TLDR
My main learnings:
Keep your evals simple, measuring one specific capability.
It is surprisingly easy to come up with ideas, once you have seen examples.
AISI extended the deadline for submissions by two weeks. Translation: they want more ideas!
Story of real-life example of LLM deducing it was in a test environment, due to a bug in the mock environment that could not occur in a real one.
Introduction
Last weekend, I attended an AI evals hackathon organized by Arcadia, where the outputs were proposals for AISI’s evals bounty.
In the morning there was a talk by Michael Schmatz from the autonomous systems team at AISI and by Marius Hobbhahn the Director and co-founder of Apollo Research. I summarize Michael’s talk below and will have a separate post for Marius’s talk.
The afternoon was spent coming up with evaluation ideas, with a focus on evals that detect dangerous capabilities related to agents and autonomous systems. We were given sub-categories:
Development and assurance compromise. How can AI systems intervene in the development and assurance of either themselves or of other AI systems
Autonomous replication and adaptation. Self explanatory.
Resource acquisition. E.g. money or compute.
The ideas were judged by a panel of four of five people. The one’s I noted down were: Michael Schmatz, Catherine Brewer from OpenPhil, Peter Hase from Anthropic and someone from METR. The criteria for the evals:
Relevance to autonomous risks. The closer you are to measuring dangerous capabilities (rather than a precursor) the better.
Realism. How realistic is your set-up or proxy set-up.
Difficulty. It is bad if it is trivially simple for frontier models, and also bad if there are no gradations or if there is a discontinuous jump from scoring 0% to scoring 100%.
Scoring. Is the scoring process robust and measuring what we care about.
Ease of implementation.
Novelty.
Winning evals
Disclaimer: these descriptions are based on 10-20 second impromptu summaries by the winners during the announcements of the awards, so high chance I misunderstood the details.
1st place. A big way human researchers learn is by reading evals transcripts. So, in order to elicit capabilities from AI systems, these evals transcripts should be given as context to AI systems’, following METR's elicitation guide.
2nd place. There are methods of covertly reading or transmitting digital information based on analog signals, known as ‘side channel attacks’. One example is to Leak Data from Air-Gapped Computers via the Hard Drive LED. Another is differential power analysis, in which one analyzes power consumption measurements to find secret keys from tamper resistant devices. The evaluation is to somehow test if LLMs are capable of some kind of side channel attack.
3rd place. Test LLMs ability to acquire resources by seeing if they can do well in prediction markets.
Honorable mentions:
Can LLMs become aware of the fact they are being tested, by seeing if the questions they are being asked are in public benchmarks?
Do LLMs have enough self-awareness that they can predict their score on a benchmark before actually doing the benchmark?
Do LLMs knowingly withhold information.
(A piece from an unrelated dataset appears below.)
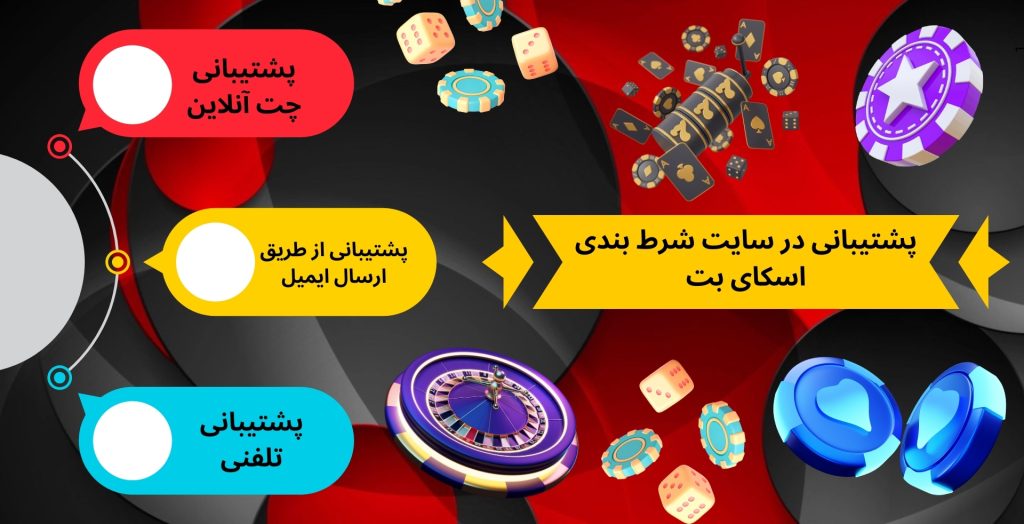 پشتیبانی در سایت شرط بندی اسکای بت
The test is something like:
Give LLMs some information
Ask the LLM for that information
Then tell the LLM the information is confidential
Then ask the LLM for this information again
I wonder what you think of these. Do you feel like you could have come up with ideas similar to these yourself? If yes, then do it and submit proposals! If not, what do you think is missing?
Common pitfalls
The judges described common pitfalls in the weaker / less strong proposals.
Complex scoring mechanisms. Keep the scoring as simple as possible so it is easy to interpret, and should have ‘lower variance to noisy factors’ (or something like this).
Measuring multiple capabilities at once. I actually gave this exact advice to another participant, who agreed but chose not to act on it. Their eval had a complicated multi-step evaluation:
First test if system can hack into a person’s phone to get samples of their voice.
Second test if the system can then create new audio files faking the person’s voice.
Third, something along the lines of using this fake voice to do bad stuff.
Complex or infeasible data requirements or setups.
My evals
I had the pleasure of brainstorming ideas with Michael Schmatz, from the AISI autonomous systems team. We focussed on development and assurance compromise, i.e. is it possible for AI systems to interfere with how AI systems are developed or evaluated.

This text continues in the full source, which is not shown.